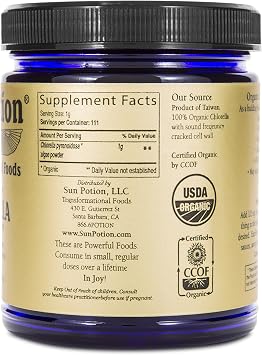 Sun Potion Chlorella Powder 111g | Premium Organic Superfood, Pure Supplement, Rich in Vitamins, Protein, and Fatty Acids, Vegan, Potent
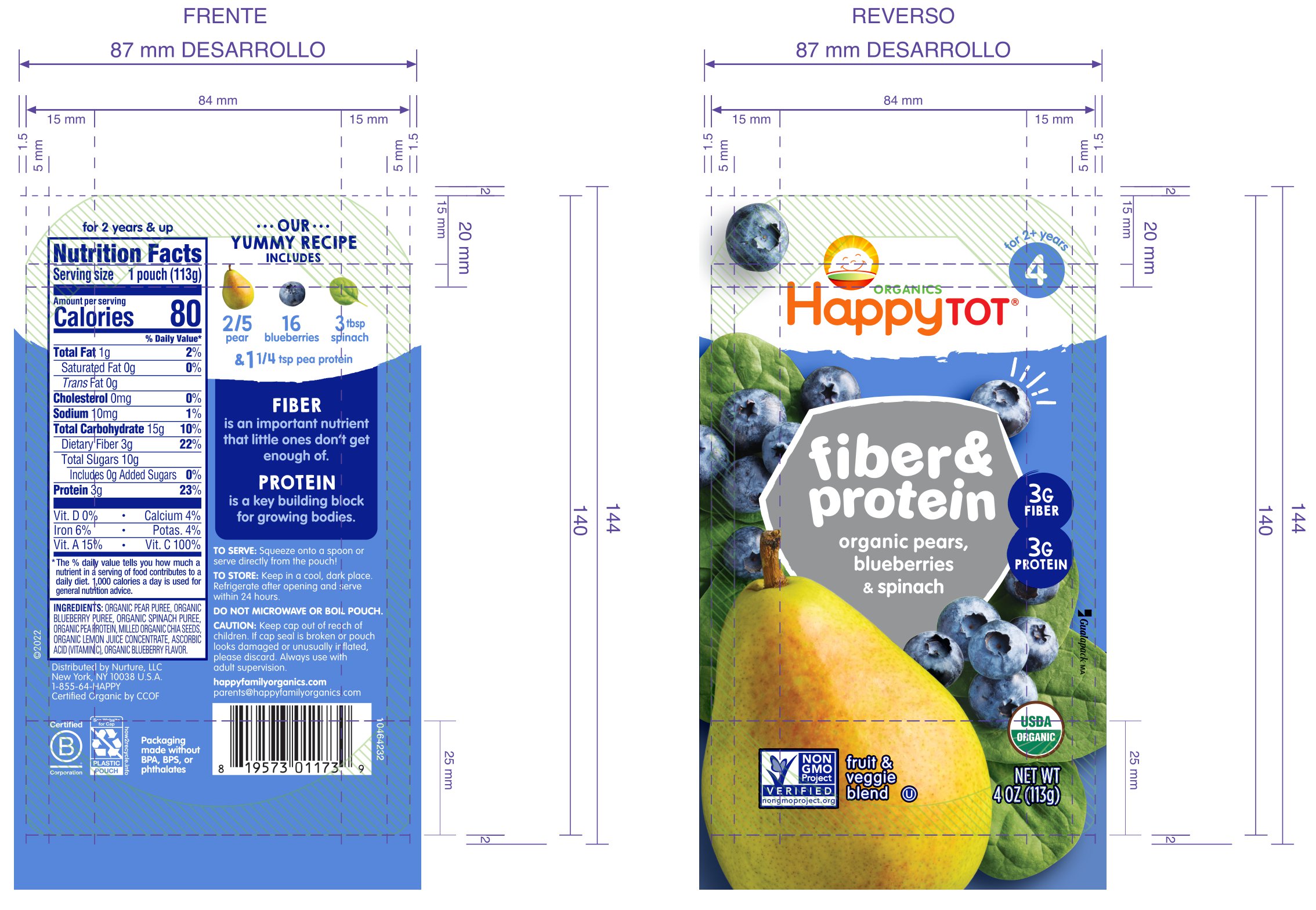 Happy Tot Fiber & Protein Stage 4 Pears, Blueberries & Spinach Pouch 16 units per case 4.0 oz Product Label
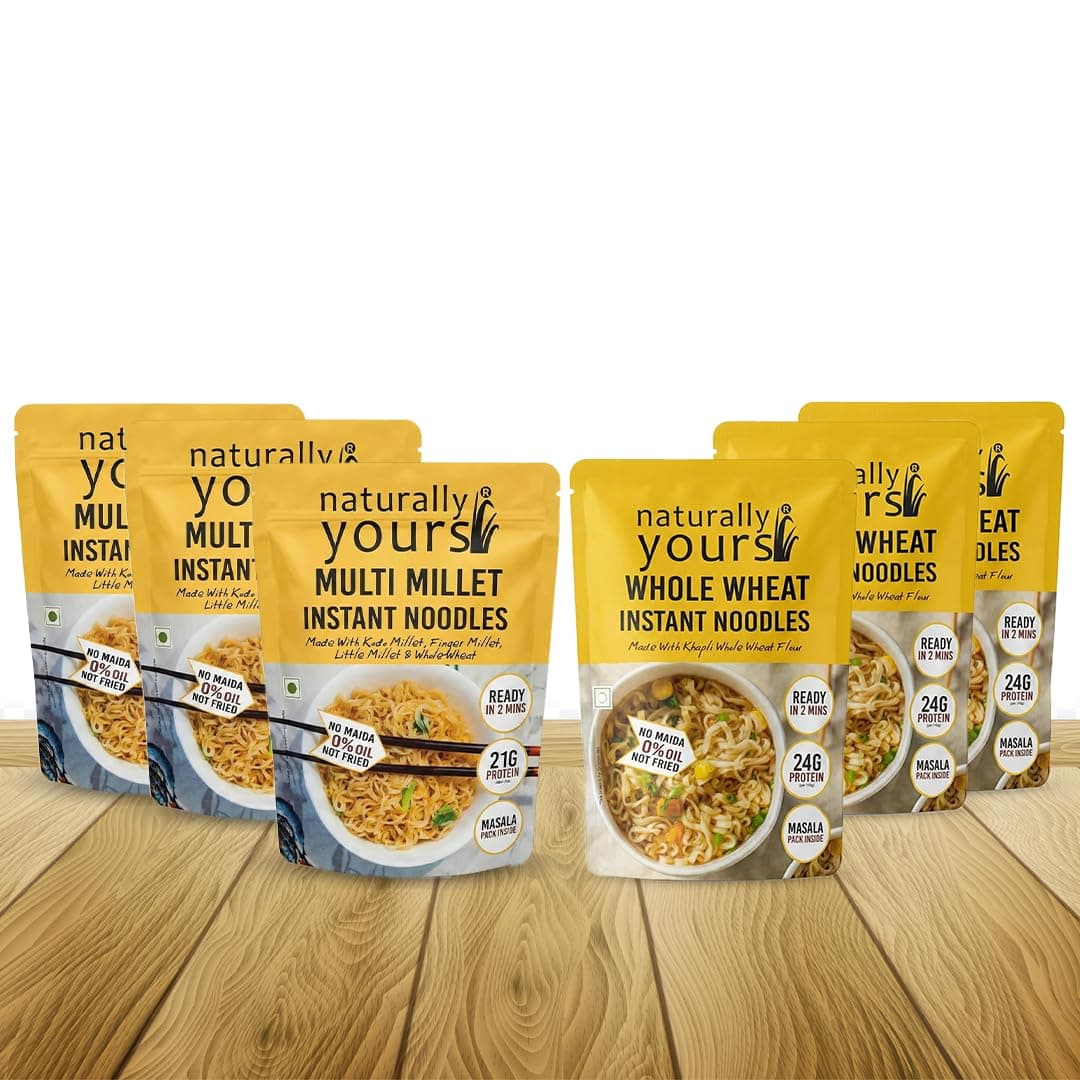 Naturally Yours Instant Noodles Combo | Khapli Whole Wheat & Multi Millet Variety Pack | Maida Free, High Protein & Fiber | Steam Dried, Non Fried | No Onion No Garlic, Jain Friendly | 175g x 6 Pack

————

◆ **YOUR INSTRUCTIONS**: Line for line, retype the material exactly, omitting any pictures.

◆ **RESPONSE AREA**:
 Sun Potion Chlorella Powder 111g | Premium Organic Superfood, Pure Supplement, Rich in Vitamins, Protein, and Fatty Acids, Vegan, Potent
 Happy Tot Fiber & Protein Stage 4 Pears, Blueberries & Spinach Pouch 16 units per case 4.0 oz Product Label
 Naturally Yours Instant Noodles Combo | Khapli Whole Wheat & Multi Millet Variety Pack | Maida Free, High Protein & Fiber | Steam Dried, Non Fried | No Onion No Garlic, Jain Friendly | 175g x 6 Pack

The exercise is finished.